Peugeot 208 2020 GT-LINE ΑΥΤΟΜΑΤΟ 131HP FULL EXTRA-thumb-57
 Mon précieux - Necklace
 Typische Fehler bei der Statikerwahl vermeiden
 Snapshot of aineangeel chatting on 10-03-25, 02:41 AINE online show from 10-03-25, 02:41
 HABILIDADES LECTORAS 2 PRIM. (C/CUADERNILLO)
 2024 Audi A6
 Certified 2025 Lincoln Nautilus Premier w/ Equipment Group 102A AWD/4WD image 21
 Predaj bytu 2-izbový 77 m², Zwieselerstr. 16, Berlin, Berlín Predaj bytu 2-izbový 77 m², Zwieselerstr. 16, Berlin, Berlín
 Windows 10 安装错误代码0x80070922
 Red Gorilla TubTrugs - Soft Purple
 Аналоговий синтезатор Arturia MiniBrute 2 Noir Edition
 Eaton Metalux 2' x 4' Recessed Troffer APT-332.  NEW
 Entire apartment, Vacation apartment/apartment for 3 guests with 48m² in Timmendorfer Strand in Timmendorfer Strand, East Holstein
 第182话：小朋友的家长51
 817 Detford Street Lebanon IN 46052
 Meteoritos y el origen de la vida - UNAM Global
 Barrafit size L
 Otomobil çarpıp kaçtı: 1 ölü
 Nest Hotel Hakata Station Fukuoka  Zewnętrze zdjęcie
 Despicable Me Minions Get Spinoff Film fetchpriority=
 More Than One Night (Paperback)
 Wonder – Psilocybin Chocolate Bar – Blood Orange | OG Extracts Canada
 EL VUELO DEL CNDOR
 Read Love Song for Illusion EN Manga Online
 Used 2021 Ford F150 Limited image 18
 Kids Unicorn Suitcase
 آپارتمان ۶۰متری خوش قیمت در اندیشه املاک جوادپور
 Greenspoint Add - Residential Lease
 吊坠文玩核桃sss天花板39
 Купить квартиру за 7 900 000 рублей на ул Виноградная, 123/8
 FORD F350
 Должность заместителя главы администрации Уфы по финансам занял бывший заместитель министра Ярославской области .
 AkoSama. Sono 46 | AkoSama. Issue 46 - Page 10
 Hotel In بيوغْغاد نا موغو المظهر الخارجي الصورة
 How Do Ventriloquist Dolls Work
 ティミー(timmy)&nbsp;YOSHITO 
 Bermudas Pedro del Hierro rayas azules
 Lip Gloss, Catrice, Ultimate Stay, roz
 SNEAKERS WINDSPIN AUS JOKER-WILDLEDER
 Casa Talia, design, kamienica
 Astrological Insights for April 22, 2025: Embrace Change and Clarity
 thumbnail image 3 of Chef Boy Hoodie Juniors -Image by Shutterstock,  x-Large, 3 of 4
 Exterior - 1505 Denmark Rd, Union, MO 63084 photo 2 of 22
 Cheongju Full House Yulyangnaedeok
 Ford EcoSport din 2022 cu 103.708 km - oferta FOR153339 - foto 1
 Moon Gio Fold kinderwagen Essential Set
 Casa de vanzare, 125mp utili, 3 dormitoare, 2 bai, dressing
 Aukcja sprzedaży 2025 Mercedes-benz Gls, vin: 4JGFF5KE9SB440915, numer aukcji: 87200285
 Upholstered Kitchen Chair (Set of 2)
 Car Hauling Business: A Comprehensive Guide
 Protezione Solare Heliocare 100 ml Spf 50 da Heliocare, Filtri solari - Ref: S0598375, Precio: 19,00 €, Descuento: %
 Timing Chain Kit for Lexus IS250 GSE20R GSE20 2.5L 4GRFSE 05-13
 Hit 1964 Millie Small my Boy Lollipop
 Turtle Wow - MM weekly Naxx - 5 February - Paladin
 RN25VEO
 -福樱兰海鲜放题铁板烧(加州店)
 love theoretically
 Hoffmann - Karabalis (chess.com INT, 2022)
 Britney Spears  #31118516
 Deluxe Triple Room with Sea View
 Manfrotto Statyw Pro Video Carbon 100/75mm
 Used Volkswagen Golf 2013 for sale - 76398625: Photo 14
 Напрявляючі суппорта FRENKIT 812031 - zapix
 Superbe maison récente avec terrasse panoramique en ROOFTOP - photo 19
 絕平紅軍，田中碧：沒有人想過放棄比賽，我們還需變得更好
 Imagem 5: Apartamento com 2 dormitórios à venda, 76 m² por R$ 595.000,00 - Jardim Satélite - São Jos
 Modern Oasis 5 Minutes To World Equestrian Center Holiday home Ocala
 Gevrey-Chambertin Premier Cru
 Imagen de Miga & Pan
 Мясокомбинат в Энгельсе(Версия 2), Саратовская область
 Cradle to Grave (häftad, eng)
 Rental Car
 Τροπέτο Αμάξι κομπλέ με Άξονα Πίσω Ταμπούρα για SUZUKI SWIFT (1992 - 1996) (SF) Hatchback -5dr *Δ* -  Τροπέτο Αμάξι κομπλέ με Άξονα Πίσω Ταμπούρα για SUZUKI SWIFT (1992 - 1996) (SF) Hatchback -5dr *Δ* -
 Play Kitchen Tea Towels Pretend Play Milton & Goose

**WHAT TO WORK ON:** In the material above, find the lines that contain "Used" and show them.

**ANSWER SPACE:**
 Used 2021 Ford F150 Limited image 18
 Used Volkswagen Golf 2013 for sale - 76398625: Photo 14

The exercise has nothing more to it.